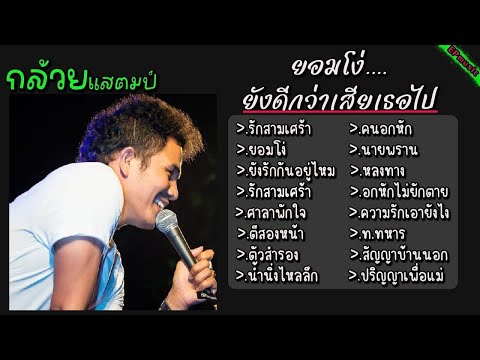 รวมเพลง กล้วย แสตมป์ รักสามเศร้า ยอมโง่ ยังรักกันอยู่ไหม ศาลาพักใจ ตีสองหน้า ตัวสำรอง น้ำนิ่งไหลลึก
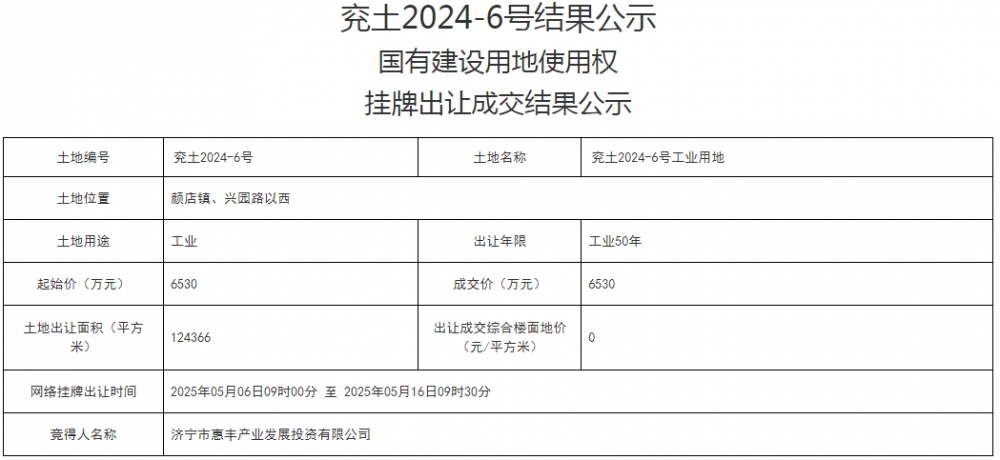 微信圖片_20250520105837.png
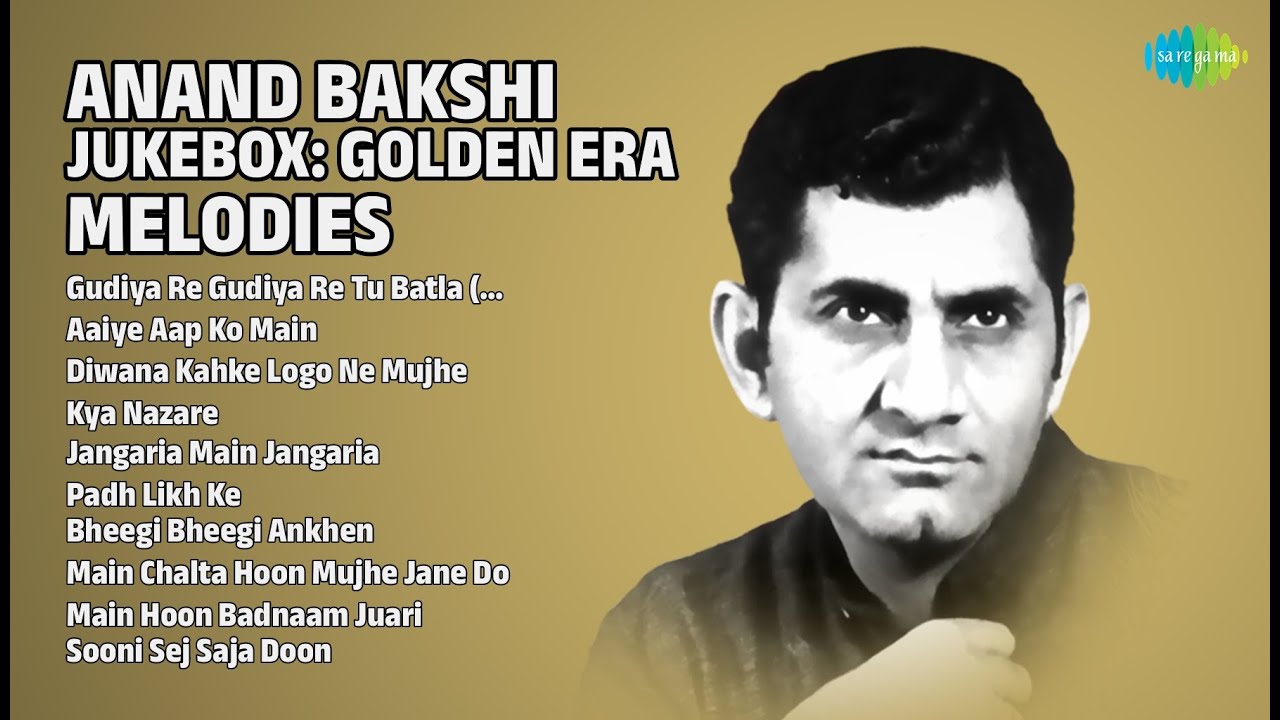 बक्शी के सुनहरे नगमे! | Asha Bhosle Songs | Gudiya Re Gudiya Re Tu Batla Happy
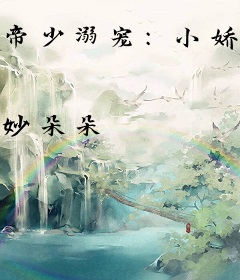 帝少溺宠：小娇妻，轻轻爱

◇ ◇ ◇ ◇ ◇

__What to work on__
Print the lines from the one that contains "微信圖片_20250520105837.png" through the last line of the data, exactly and in full, and no other lines. Pictures are not part of the copy.

__Answer space__
 微信圖片_20250520105837.png
 बक्शी के सुनहरे नगमे! | Asha Bhosle Songs | Gudiya Re Gudiya Re Tu Batla Happy
 帝少溺宠：小娇妻，轻轻爱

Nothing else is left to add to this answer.